**Task details**
Leave out the pictures and retype all the entries below exactly.

**Information shown**
=== Section Start ===

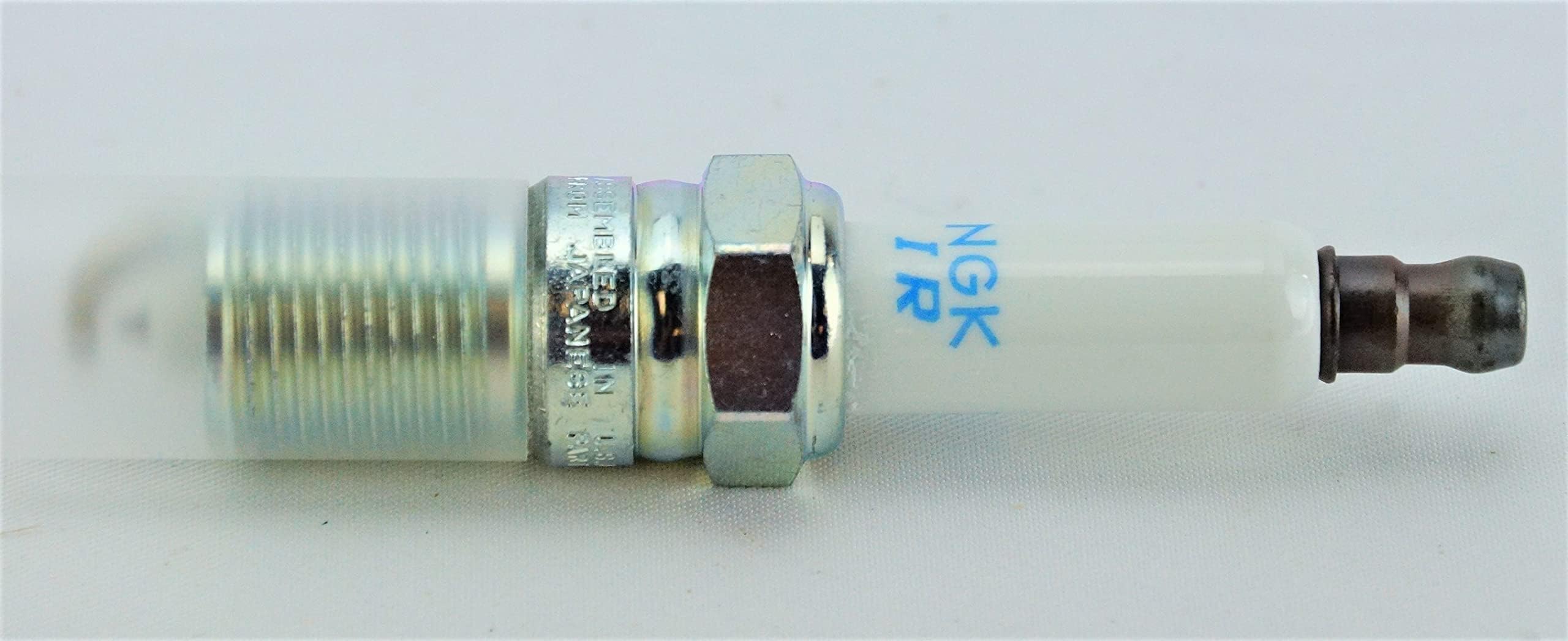Ngk # 1465 Laser Iridium Spark Plug Iztr5B11 --- 8 Pcsnew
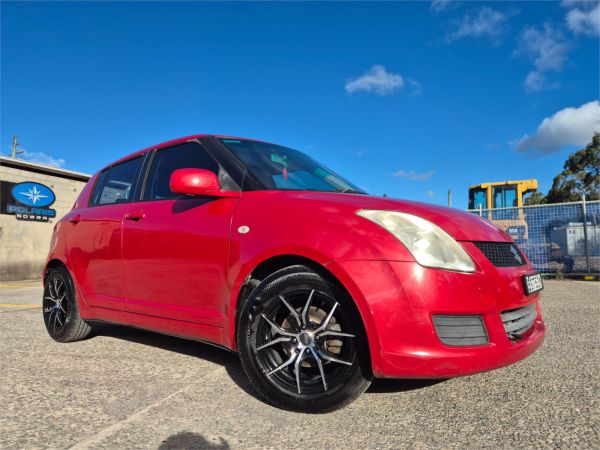 2010 Suzuki Swift Hatchback RS415 image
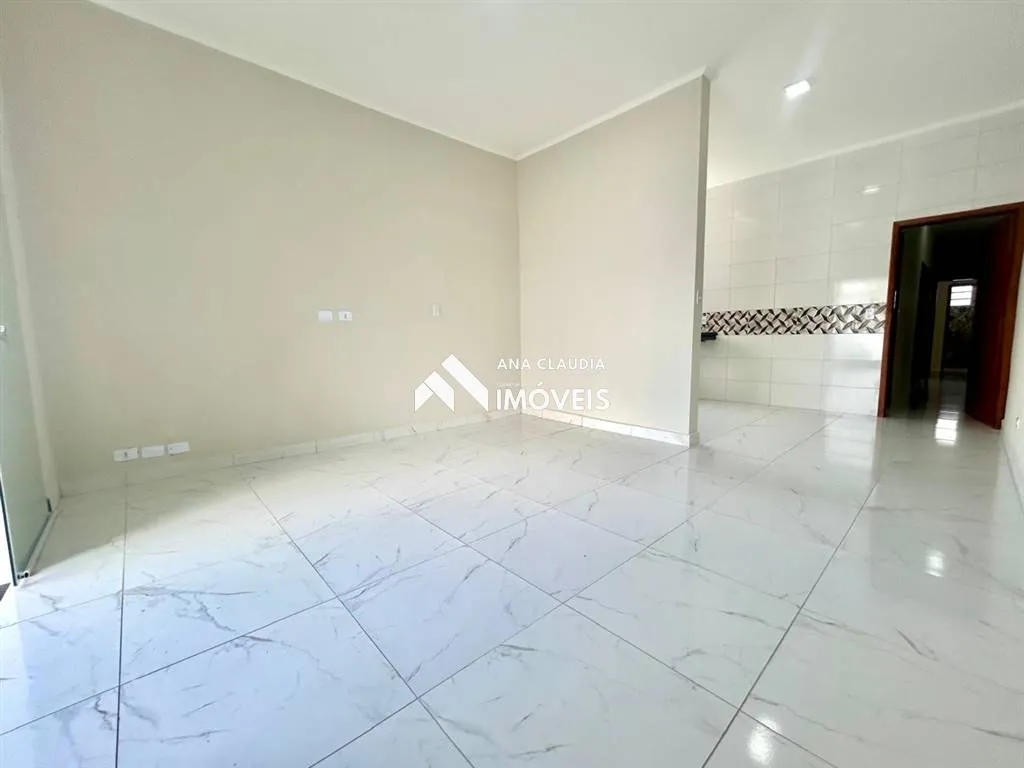 Imagem Casa na cidade de mongaguá lado praia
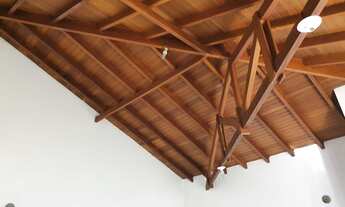 Imagem 4: Chácara a venda COM 3 SUÍTES e 5 mil metros para lazer em Brotas - SP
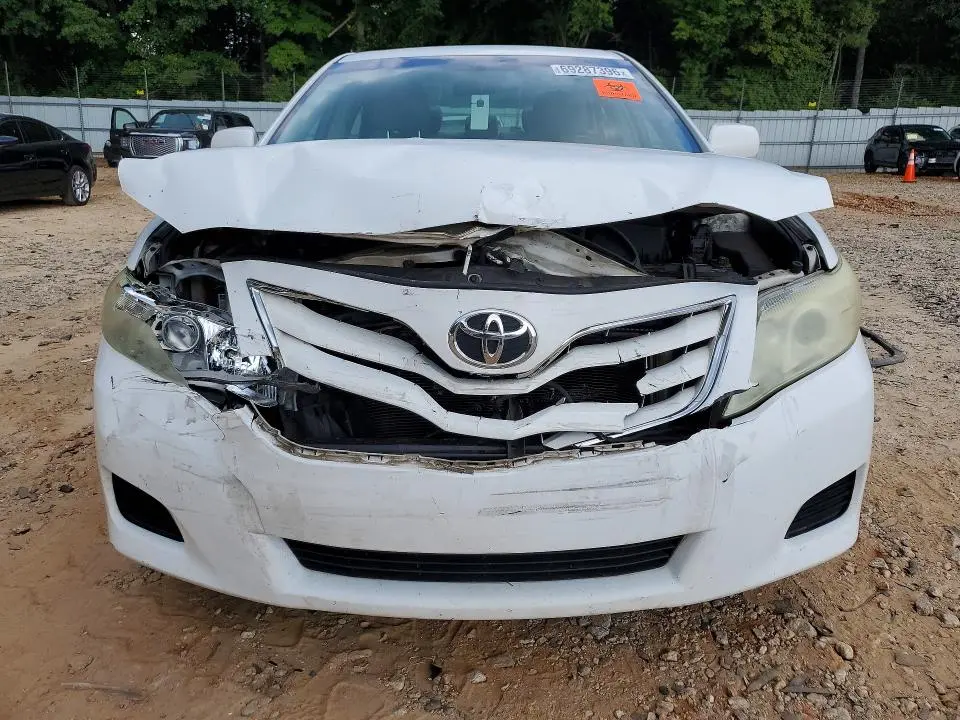 2011 TOYOTA CAMRY LE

=== Section End ===

**Solved problem**
Ngk # 1465 Laser Iridium Spark Plug Iztr5B11 --- 8 Pcsnew
 2010 Suzuki Swift Hatchback RS415 image
 Imagem Casa na cidade de mongaguá lado praia
 Imagem 4: Chácara a venda COM 3 SUÍTES e 5 mil metros para lazer em Brotas - SP
 2011 TOYOTA CAMRY LE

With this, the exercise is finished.